ギターコンペティションはアマチュアのコンクールです。このコンペティションが始まった時のコンセプトは「出場して人前で弾くことに意味がある」というのがあります。だから、出場者全員が金から銅までいずれかの賞をもらえるわけです。
とはいえ、そこになんらかの目安がないとギターを学んでいる人のモチベーションとなりません。だから順番をつける。良い音楽、良い演奏ってどういうものなのか?をわかってもらう機会であると考えているわけです。そして、地区大会出場者には審査員からのコメントが後日届きます。
今回の大会でも終わった後講評を頼まれましたが、審査の基準というものをざっくりと話しました。
ギターコンペの場合に大切なのは「表現したいことがあるか?」ということ。そして、それが確実に伝わる技術を持っているか。この2点が大切。
表現したいものがあっても、技術がついていないとダメですし、逆に表現したいものがなく楽譜通りに機械的に弾いていてもダメです。
そして、表現したいものがあるのが前提なのですが、それが西洋音楽の表現理論に合致しているかどうかもによって評価は変わってくるでしょう。和声感、拍節感、リズム、様式感…勉強することがたくさんあります。
例えば、和声感においても、ドミナントートニックの表現の仕方にバリエーションがある。振り幅があるのです。それが奏者の個性ともいえます。でも、絶対にそれはないよね?という弾き方で弾いてしまっている人もいる。
そういう意味での「正しい表現」をしているかどうかです。正しくやれていればいるほど、評価は高くなります。
もう一つ予備の評価基準として「ギターらしさ」というのがあるかもしれません。音色やニュアンスなど、クラシックギターらしい感じというのが感じられれば、さらに評価が上がるでしょう。
なので、ざっくりまとめると以下。
- 表現したいことがあること
- 表現したいことが適切な技術で実現されていること
- クラシックギターらしさがあること
これは、実はどのコンクールにおいても当てはまることです。
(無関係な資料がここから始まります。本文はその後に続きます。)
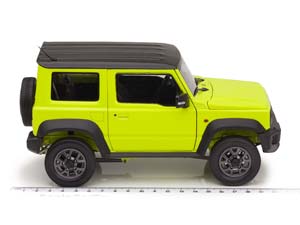 SUZUKI JIMNY 2018 JB74 LHD ЖЕЛТЫЙ С ЧЕРНОЙ КРЫШЕЙ — фото 10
そして、コンクールじゃなくても、一般に音楽を学んでいる人は全員このことを知っておいたほうが良いです。
うまい、下手…なーんとなく音楽するときに考えてしまっていませんか?今回審査をしていて、ああ技術があるのに、表現したいことないんだろうなーとか、表現したいことがあるのに、こっちに伝わってこないなあーとか、クラシックギターの音色の素晴らしさを出そうとしているのに西洋音楽の拍節感が失われているなあーとか。いろんなことを考えてしまいました。